### SUPPLIED INFORMATION
━━━━━━

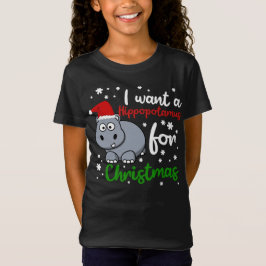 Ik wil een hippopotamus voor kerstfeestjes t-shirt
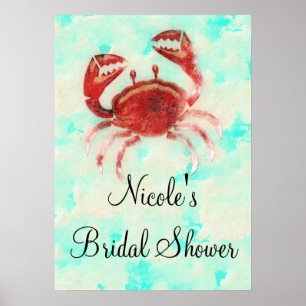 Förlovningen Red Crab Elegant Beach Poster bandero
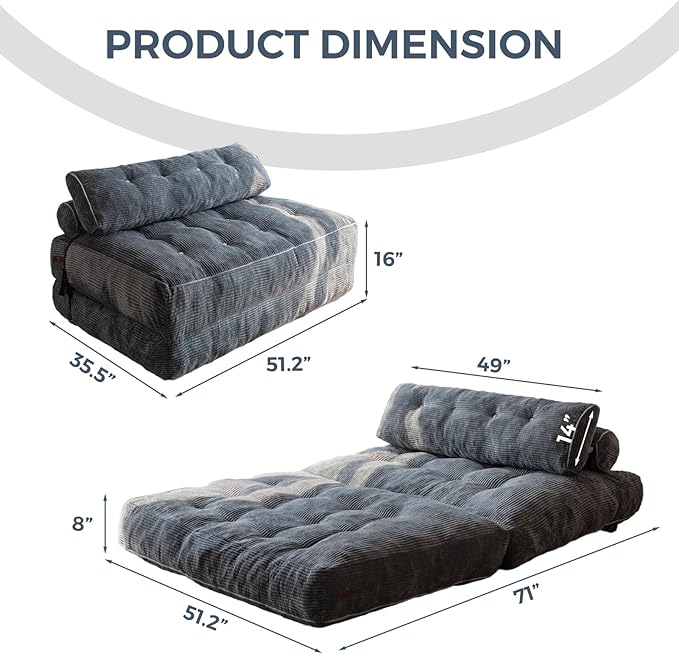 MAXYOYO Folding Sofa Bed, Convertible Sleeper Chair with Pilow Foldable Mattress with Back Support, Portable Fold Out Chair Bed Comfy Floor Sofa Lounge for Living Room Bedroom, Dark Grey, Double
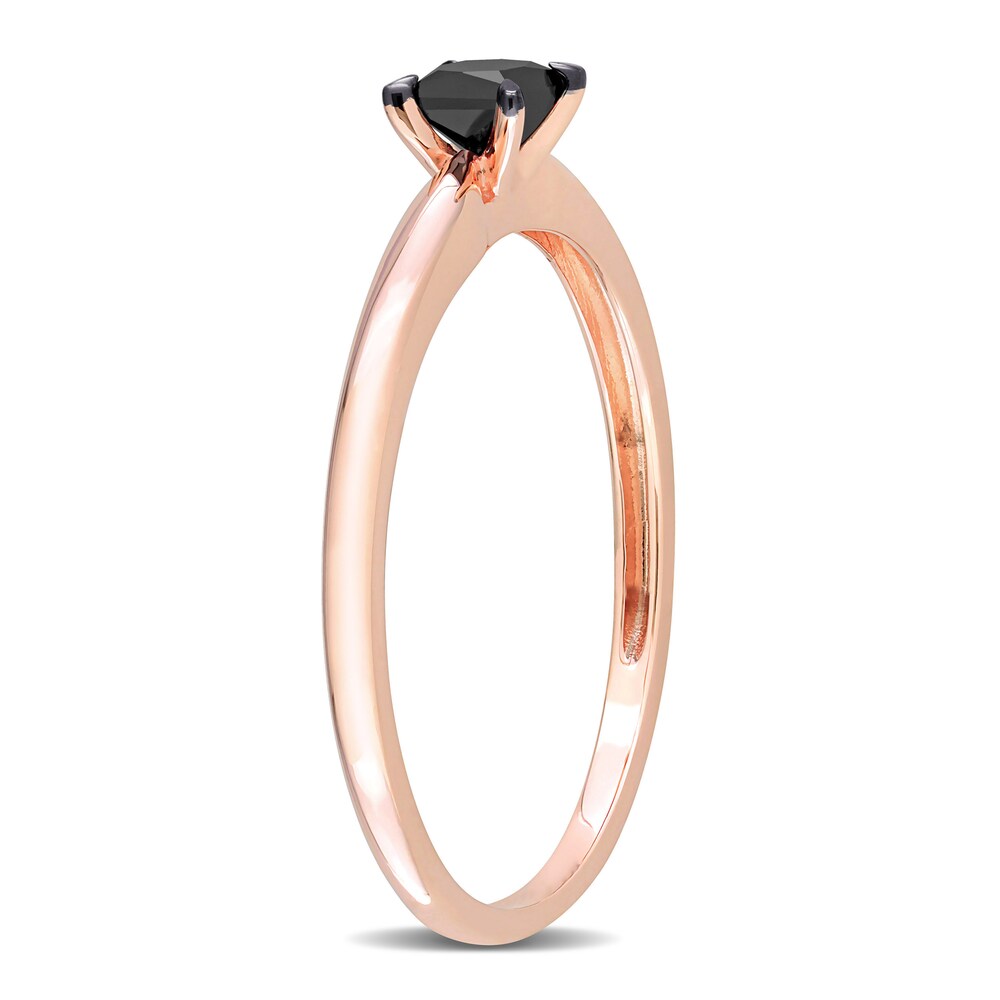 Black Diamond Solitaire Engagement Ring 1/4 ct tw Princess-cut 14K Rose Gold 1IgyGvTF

━━━━━━

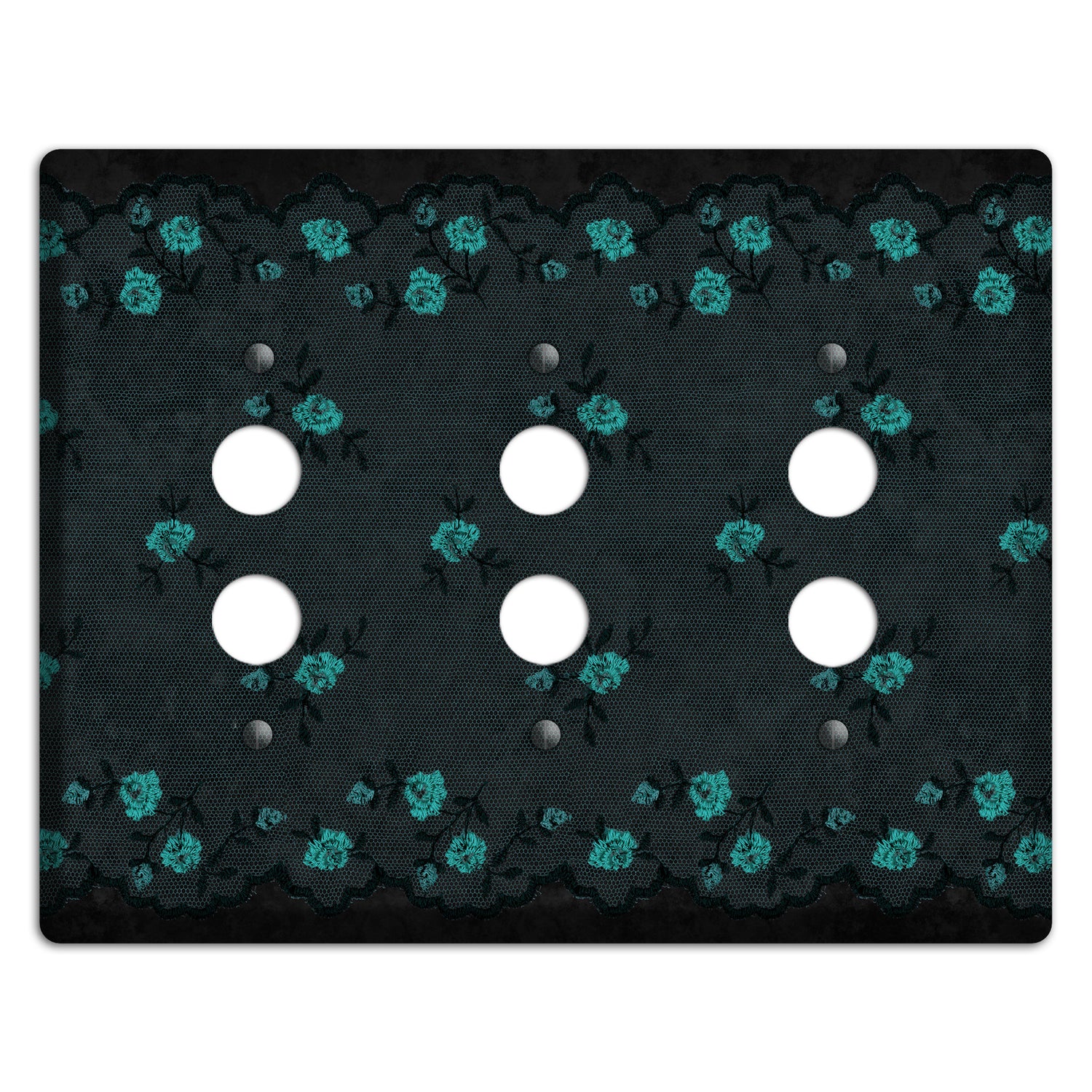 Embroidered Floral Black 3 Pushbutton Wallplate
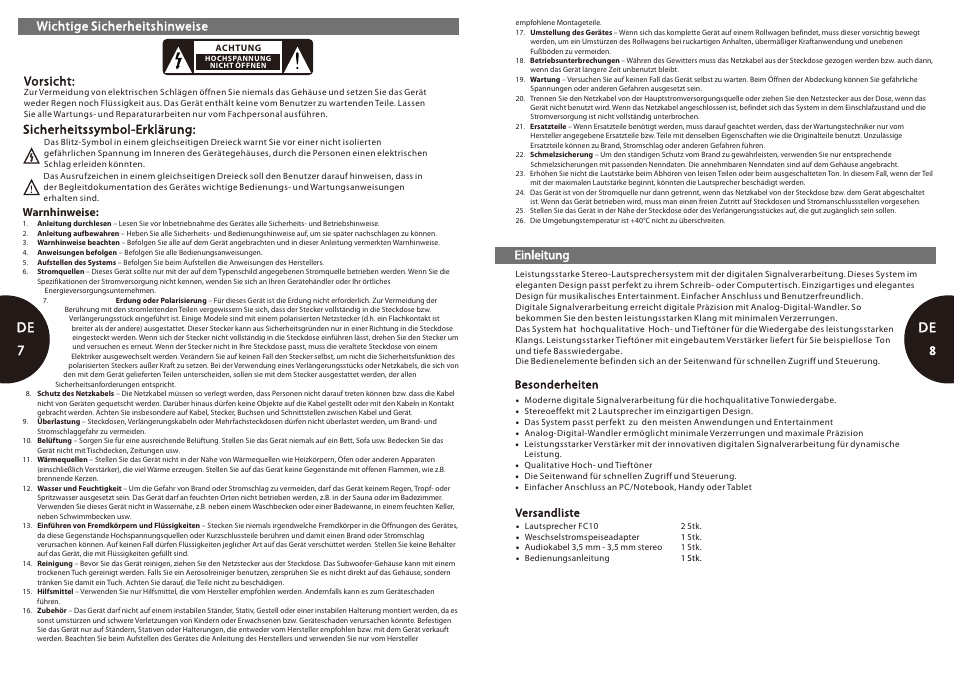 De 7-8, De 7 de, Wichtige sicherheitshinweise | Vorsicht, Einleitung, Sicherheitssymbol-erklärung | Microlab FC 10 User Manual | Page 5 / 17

━━━━━━

### WHAT IS REQUIRED
The data above holds the lines to copy: start at the one with "Embroidered Floral Black", stop at the one with "De 7-8, De 7", include both, copy them exactly without pictures, and copy nothing else.

### EXPECTED OUTPUT
 Embroidered Floral Black 3 Pushbutton Wallplate
 De 7-8, De 7 de, Wichtige sicherheitshinweise | Vorsicht, Einleitung, Sicherheitssymbol-erklärung | Microlab FC 10 User Manual | Page 5 / 17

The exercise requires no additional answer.